In ‘Religious Rejections of the World and their Directions,’ Weber develops a typology of asceticism and mysticism that will be useful to our discussion of post-war composers. The sociologist of religion compares the ‘abnegation’ of the world found in ‘active asceticism that is a God-willed action of the devout who are God’s tools’ to that of the ‘contemplative possession of the holy, as found in mysticism’ (Weber, 1948a: 325). He continues the typological comparison by drawing on his familiar distinction between a religious ethos based on ‘inner-worldliness’ and one that cultivates or promotes a type of ‘flight from the world’:

Active asceticism operates within the world; rationally active asceticism, in mastering the world, seeks to tame what is creatural and wicked through work in a worldly ‘vocation’ (inner-worldly asceticism).

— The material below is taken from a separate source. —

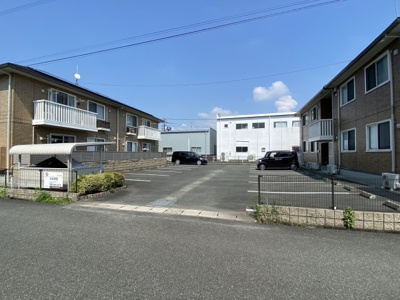 【駐車場】 | フルール・ド・スリジェ A棟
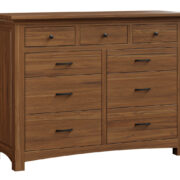 Abby 9 Drawer Dresser - 61"W - Image 3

Such asceticism contrasts radically with mysticism, when the latter draws the full conclusion of fleeing from the world (contemplative flight from the world) … Inner-worldly asceticism … proves itself through action. To the inner-worldly asceticist the conduct of the mystic is an indolent enjoyment of the self; to the mystic the conduct of the … asceticist is an entanglement in the godless ways of the world combined with complacent self-righteousness. With that ‘blissful bigotry,’ usually ascribed to the typical Puritan … Asceticism executes these resolutions as given in the God-ordained rational orders of the creatural.